Repeat the data verbatim, images excluded.

--- Data ---

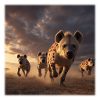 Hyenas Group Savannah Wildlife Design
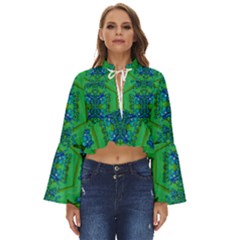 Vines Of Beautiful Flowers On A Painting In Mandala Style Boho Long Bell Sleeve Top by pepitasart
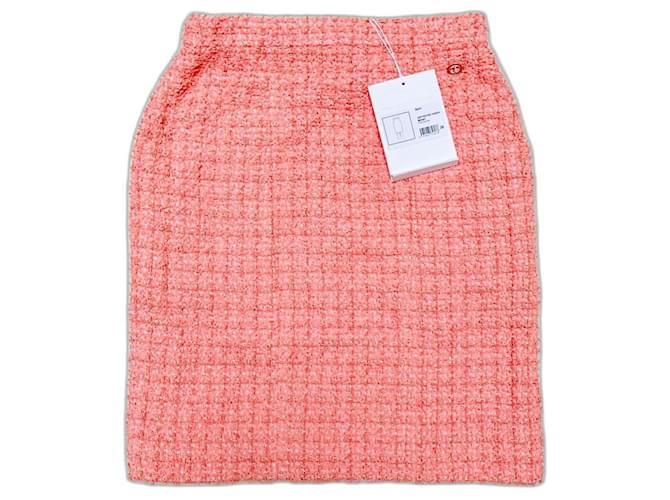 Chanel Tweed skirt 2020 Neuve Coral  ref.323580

---

● **Exercise output**:
 Hyenas Group Savannah Wildlife Design
 Vines Of Beautiful Flowers On A Painting In Mandala Style Boho Long Bell Sleeve Top by pepitasart
 Chanel Tweed skirt 2020 Neuve Coral  ref.323580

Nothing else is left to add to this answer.